20
votes

In order to reduce the transfer time from host to device for my application, I want to use pinned memory. NVIDIA's best practices guide proposes mapping buffers and writing the data using the following code:

cDataIn = (unsigned char*)clEnqueueMapBuffer(cqCommandQue, cmPinnedBufIn, CL_TRUE,CL_MAP_WRITE, 0, memSize, 0, NULL, NULL, NULL);

for(unsigned int i = 0; i < memSize; i++) 
{ 
    cDataIn[i] = (unsigned char)(i & 0xff); 
}

clEnqueueWriteBuffer(cqCommandQue, cmDevBufIn, CL_FALSE, 0, 
szBuffBytes, cDataIn, 0, NULL, NULL);

Intel's optimization guide recommends to use calls to clEnqueueMapBuffer and clEnqueueUnmapBuffer instead of calls to clEnqueueReadBuffer or clEnqueueWriteBuffer.

What is the right way to use pinned memory/mapped memory? Is it necessary to write the data using enqueueWriteBuffer or is enqueueMapBuffer sufficient?

Also, what is the difference between CL_MEM_ALLOC_HOST_PTR and CL_MEM_USE_HOST_PTR?

1

1 Answers

17
votes

This is an interesting topic that very little people detail. I will try to define exactly how it works.
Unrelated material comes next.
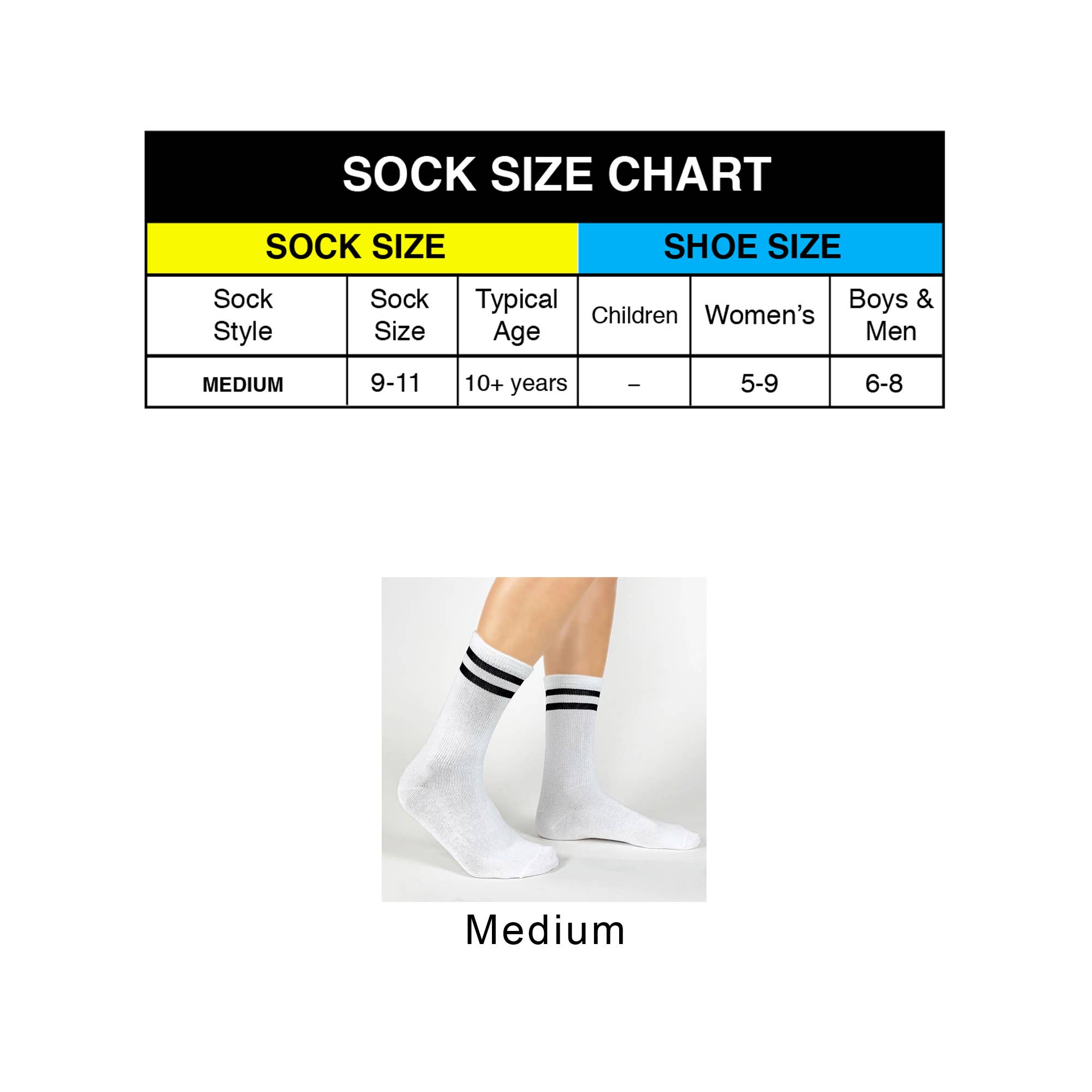 Blanc Chaussettes de sport rayées avec nom et couleur de sororité en vente sur Faire29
The pinned memory refers to a memory that as well as being in the device, exists in the host, so a DMA write is possible between these 2 memories. Increasing the copy performance. That is why it needs CL_MEM_ALLOC_HOST_PTR in the buffer creation params.

On the other hand, CL_MEM_USE_HOST_PTR will take a host pointer for buffer creation, it is unclear by the spec if this can or cannot be a pinned memory. But generally speaking, it should NOT be pinned memory created this way, since the host pointer has not been reserved by the OpenCL API and is not clear where it resides in memory.
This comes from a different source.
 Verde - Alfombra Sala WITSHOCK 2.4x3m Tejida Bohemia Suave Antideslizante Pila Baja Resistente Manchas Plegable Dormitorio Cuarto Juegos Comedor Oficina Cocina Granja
Regarding the Map/Read question. Both are ok. And they will give same performance. The difference between the both techniques is that:

  • For Map/Unmap: You need to map before writing/reading and unmap afterwards. That way you ensure the consistency of the data. These are API calls, and take time to complete as well as being asynchronous. The good thing, is that you don't need to hold any other thing rather than the buffer object.
  • For Map+Read/Write: At the creation of the memory zone you need to do a Map and save the pointer value. Then, at the destruction of the buffer, you need to first Unmap and then destroy it. You need to hold buffer+Mapped_Buffer all along. The good thing is that you can now just clEnqueueRead/Write to that mapped pointer. The API will wait for the pinned data to be consistent and then consider it done. It is easier to use, since it is like doing a map+unmap in one shot.
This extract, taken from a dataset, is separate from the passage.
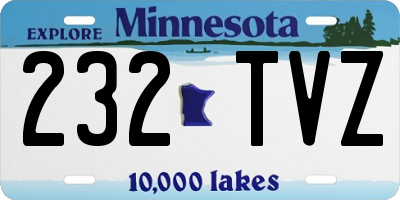 MN license plate 232TVZ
The Read/Write mode is easier to use, specially for repetitive reads, but is not as versatile as the manual map option, since you CAN'T write a read only map, nor read a write only map. But for general use the variables that are read will never be written, and viceversa.


My understanding is that Intel recommendation, refers to "Use Map, not plain Read/Write", rather than "When you use Map, don't use Read/Write over Mapped pointers".

Did you check this nVIDIA recomendation over Intel HW? I think it should work, however I don't know if indeed the operation would be optimal (as in AMD or nVIDIA HW).